GPU support on Azure

I discovered a a general problem effecting parsing yaml (possibly JSON too), where the underlying ptree structure is being used for property formats it doesn’t support. An issue relating to this was raised in the HPCC Systems Community Issue tracker JIRA (see the issue here).

Troubleshooting

While working through some issues, I discovered these useful troubleshooting tips.

Terminate failed job

If your execution failed but thorworkers doesn’t terminate you can run the following code to delete them:

 kubectl delete job --all

Index out of range for certain ECL OUTPUT commands

You may receive an Index Out of Range error when outputting training metrics and predictions (predDat). There is a JIRA ticket HPCC-26366 about this. This could be due to the fact that most models have a large number of parameters. Check https://keras.io/api/applications/ for the details. Normally you should increase outputLimit with OPTION(‘outputLimit’,100). 100 for MobileNetV2, 500 for InceptionResNetV2 and ResNet152V2 and 800 for VGG19. You also need set enough memory for the thorworker and Python/TensorFlow

Thorworker states OOMKilled

OOM stands for Out of Memory which means the thorworker pod doesn’t have enough memory to complete the task.

With my dataset, TensorFlow needs ~6 GB Memory. Thor and GNN need at least 6 more GB. The problem is that no matter what you set the memory to, Thor will use up most of it and not leave enough for TF. The solution is to create a parameter called global Memory size to control the amount of memory Thor workers can use. Set globalMemorySize to the maximum number of GB Thor and GNN will need

Congratulations to Carina Wang

It must be clear to anyone reading this blog that Carina is a talented technologist with a clear understanding of what was an ambitious and in depth project, using some advanced machine learning techniques.  We have had high school students join the HPCC Systems Intern Program since 2017 and it is great to be able to offer them the opportunity to practice and develop the skills they already bring to the table.
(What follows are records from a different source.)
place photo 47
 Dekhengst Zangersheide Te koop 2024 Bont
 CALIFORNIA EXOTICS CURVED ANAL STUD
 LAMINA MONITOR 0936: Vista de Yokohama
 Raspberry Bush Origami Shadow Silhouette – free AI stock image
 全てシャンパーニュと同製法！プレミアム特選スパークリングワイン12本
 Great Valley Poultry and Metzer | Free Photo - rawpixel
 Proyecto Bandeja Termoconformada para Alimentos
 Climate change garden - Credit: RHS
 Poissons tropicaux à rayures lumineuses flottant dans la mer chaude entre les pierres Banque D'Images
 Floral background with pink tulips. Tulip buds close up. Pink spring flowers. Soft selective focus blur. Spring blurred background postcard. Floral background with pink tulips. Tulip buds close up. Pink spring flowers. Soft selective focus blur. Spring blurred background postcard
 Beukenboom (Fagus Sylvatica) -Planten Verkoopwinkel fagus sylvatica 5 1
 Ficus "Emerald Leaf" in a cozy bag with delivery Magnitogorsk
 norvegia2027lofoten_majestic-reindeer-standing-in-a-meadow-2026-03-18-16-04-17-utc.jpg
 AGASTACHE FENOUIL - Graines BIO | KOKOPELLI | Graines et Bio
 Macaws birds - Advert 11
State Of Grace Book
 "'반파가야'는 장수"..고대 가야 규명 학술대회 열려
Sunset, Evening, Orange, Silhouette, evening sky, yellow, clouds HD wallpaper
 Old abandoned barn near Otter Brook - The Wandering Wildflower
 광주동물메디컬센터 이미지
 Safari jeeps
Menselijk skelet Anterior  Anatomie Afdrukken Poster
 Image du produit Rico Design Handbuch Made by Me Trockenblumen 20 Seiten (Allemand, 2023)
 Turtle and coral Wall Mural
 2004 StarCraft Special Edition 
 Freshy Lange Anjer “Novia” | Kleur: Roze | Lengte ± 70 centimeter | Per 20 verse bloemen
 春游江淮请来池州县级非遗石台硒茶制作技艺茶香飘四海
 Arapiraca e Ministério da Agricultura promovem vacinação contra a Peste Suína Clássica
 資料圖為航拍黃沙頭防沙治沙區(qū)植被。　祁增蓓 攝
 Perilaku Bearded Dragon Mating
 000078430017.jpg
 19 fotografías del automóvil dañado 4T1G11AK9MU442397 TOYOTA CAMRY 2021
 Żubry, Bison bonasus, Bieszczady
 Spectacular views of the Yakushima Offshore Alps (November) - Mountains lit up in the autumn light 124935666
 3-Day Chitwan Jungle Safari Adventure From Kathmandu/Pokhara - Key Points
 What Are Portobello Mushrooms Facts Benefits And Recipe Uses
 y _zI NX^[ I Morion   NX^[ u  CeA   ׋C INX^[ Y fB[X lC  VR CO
It is also great to see teachers in schools, like Taiowa Donovan, champion STEM related programs which encourage students like Carina, to have the confidence to have a go at contributing to challenging technology based projects.

You can find more information about HPCC Systems Academic Program and its collaboration with American Heritage school’s autonomous robotics projects by watching these presentations & videos.

The Director of the robotics program at (AHS) Taiowa Donovan and David de Hilster, Software Engineer for LexisNexis Risk Solutions Group mentored Carina during her internship. Both were clearly impressed to work with such an incredibly talented young person like and had this to say about her work:

“Carina’s work with the HPCC Systems Machine Learning Library exercised its performance capabilities and helped improve its processes.”  – David de Hilster

“The evolution of our Autonomous Security Robot project has been huge with the addition of Carina Wang as Project Manager. Carina’s contributions have taken us to new heights and has specifically intertwined our project with HPCC Systems in a much more concrete way. Her work on the project during her internship with HPCC Systems has given our robot platform so much more substance with improvements in object recognition, facial recognition and the ability to process the large volume of data.  Processing student images on the HPCC Systems Cloud Native Platform facilitated a model’s classification of an individual as an AHS student or Not an AHS student.  The  work Carina did during her internship will be a continued focus as  the project moves forward in the years to come.” – Taiowa Donovan 

 “Besides embracing new technical directions to her original project plan, Carina took on what at first seemed as an insurmountable task. With persistence and encouragement, she got the school lawyers to draft a new likeness release form that included image processing. That was some real growth from Carina.” – David de Hilster

Congratulations and thanks to Carina for suggesting this project and executing on her project proposal to the very highest standard. She has made valuable contributions to both the HPCC Systems Open Source Project and the AHS Autonomous Security Robot that will continue to be used and built on for many years to come.